Political scientists use various models to project midterm-election outcomes, though many are not released until the American Political Science Association’s fall meeting around Labor Day, roughly nine weeks before Election Day. One well-regarded political scientist who has offered a model is Seth Masket of the University of Denver, a frequent contributor to FiveThirtyEight and the Mischiefs of Faction blog. In late December, Masket produced his first cut modeling the 2022 midterms, his computations incorporating economic growth in the form of real per-capita disposable income, controlling for a president’s Gallup approval ratings and the number of House seats that president’s party holds. Using available data at year end, Masket’s model suggested a net loss for Democrats of about 25 seats. Earlier this month, Masket updated the model again with new data, which produced a new projection of a Democratic loss of about 64 seats, coincidentally the same level of losses that Democrats suffered in Obama’s first midterm election.
While Democrats are likely to lose both their House and Senate majorities, it is doubtful that House losses will reach 64 seats.
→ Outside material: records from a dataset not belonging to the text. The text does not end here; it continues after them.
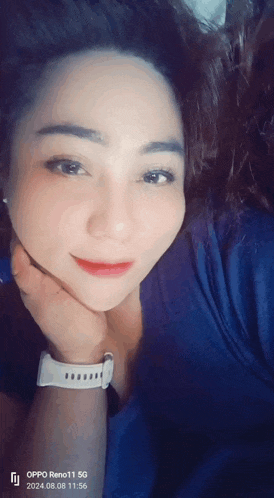 a woman wearing an oppo reno 11 5g phone takes a selfie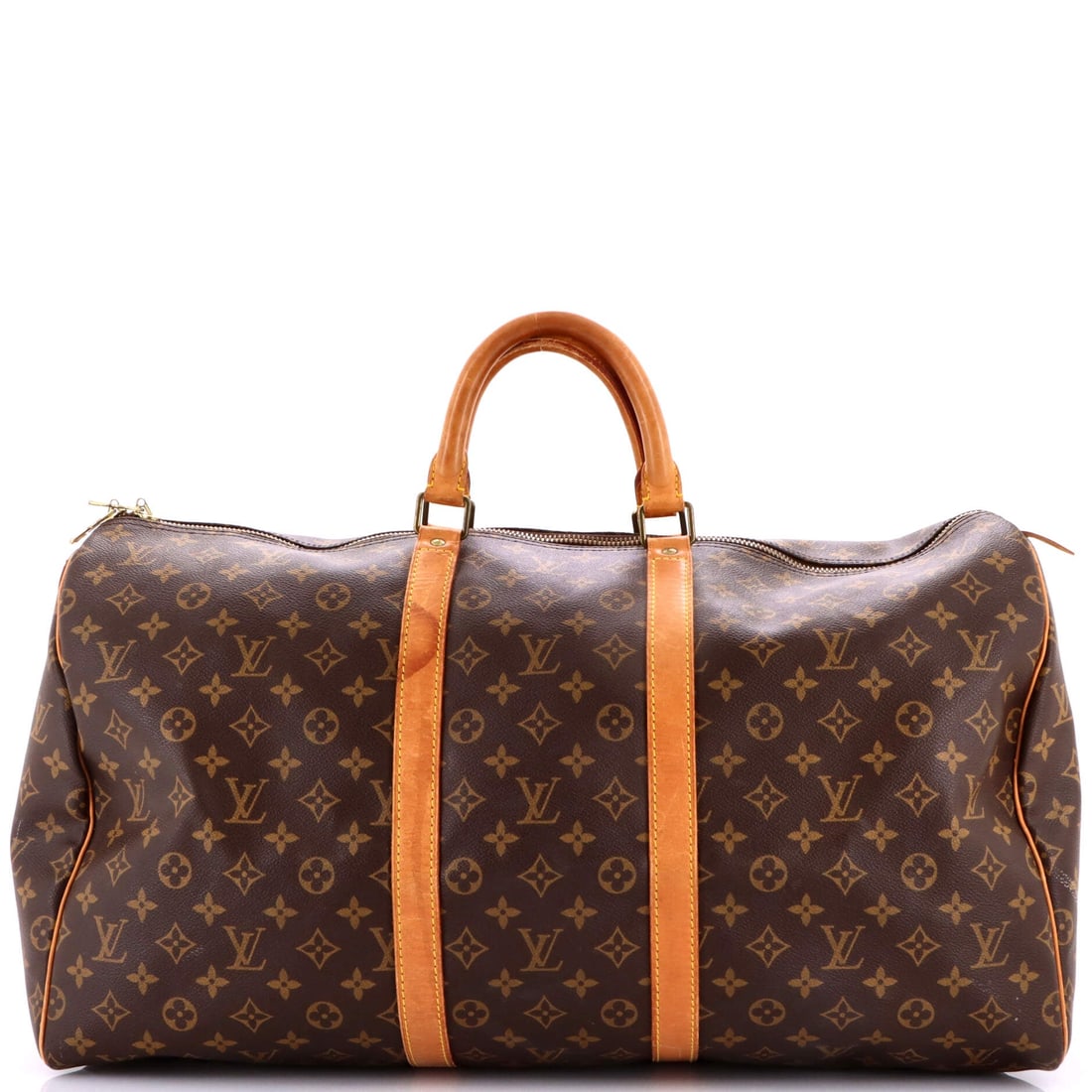 Louis Vuitton Keepall Bag Monogram Canvas: Louis Vuitton Keepall Bag in Monogram canvas. A soft-sided weekender that has defined house travel bags for generations, sized for a short trip without bulk. At 22"W x 12"H x 9"D, 4" handle drop and 2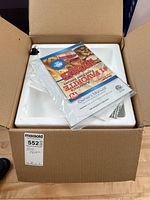 Photo of the box with styrofoam inside and manuals on top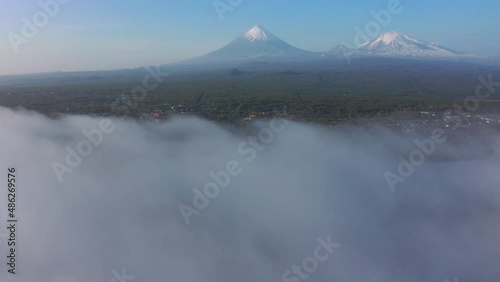 Drone aerial video view of the mountain volcano valley, summer day, blue sky, road photo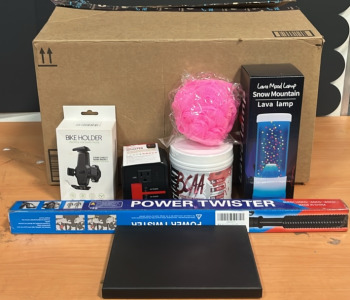 (1) Lava Mood Lamp (1) Alpha 20V Power Inverter (1) One Lbs Black Cherry BCAA Dietary Supplement & An Amazon Returns Box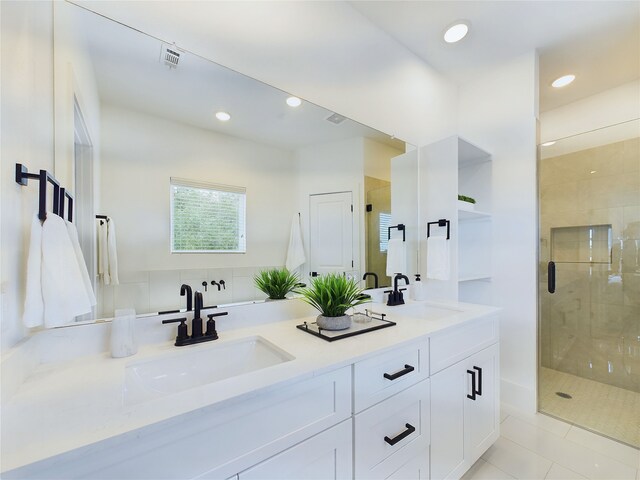 bathroom featuring vanity, tile patterned floors, and walk in shower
Indeed, Masket even offers some reasons it might not. One is that after three consecutive cycles of very aggressive, even audacious gerrymandering by both parties, the number of competitive districts is much smaller, arguably reducing the volatility.
Another reason is that Democrats lost a dozen House seats in 2020. Just as the ‘A’ seat on an airliner is always a window seat, a party cannot lose a seat they don’t have.
In modern times, big wave elections have tended to come from a party well behind in seats. Republicans’ House gain of 54 seats in 1994 was from a starting point of just 174 seats; their 64-seat pickup in 2010 was from 178 seats. When Democrats gained 42 seats from Republicans in 2018, they started with just 194 seats. Allocating the currently vacant seats into the column they had come from (and will likely return), Democrats hold 222 seats and Republicans 213, well above the GOP levels going into 1994 and 2010 and Democrats in 2006.
Most current estimates of likely GOP House gains range from as low as a dozen seats (seven more than necessary for the barest majority) to about three dozen. The current outlook from David Wasserman, The Cook Political Report with Amy Walter’s expert on the House, is a Republican gain of between 20 and 35 seats.
One of the foremost political scientists specializing in congressional elections, James Campbell of SUNY-Buffalo, points out that a gain of 34 seats would equal Republican’s high-water mark since the 1928 election, implying that if a party has not exceeded 247 in 90 years, the odds are against it doing so now.
Then again, caution may be in order in applying historic patterns from a period before partisan polarization became as extreme as it is today, with defections among partisans quite rare and pure independents exceedingly fickle and prone to buyer’s remorse.
We are left wondering whether this will be a bad election for Democrats, very bad, or very, very bad. As they say in the markets, the downside risk for Democrats is grave.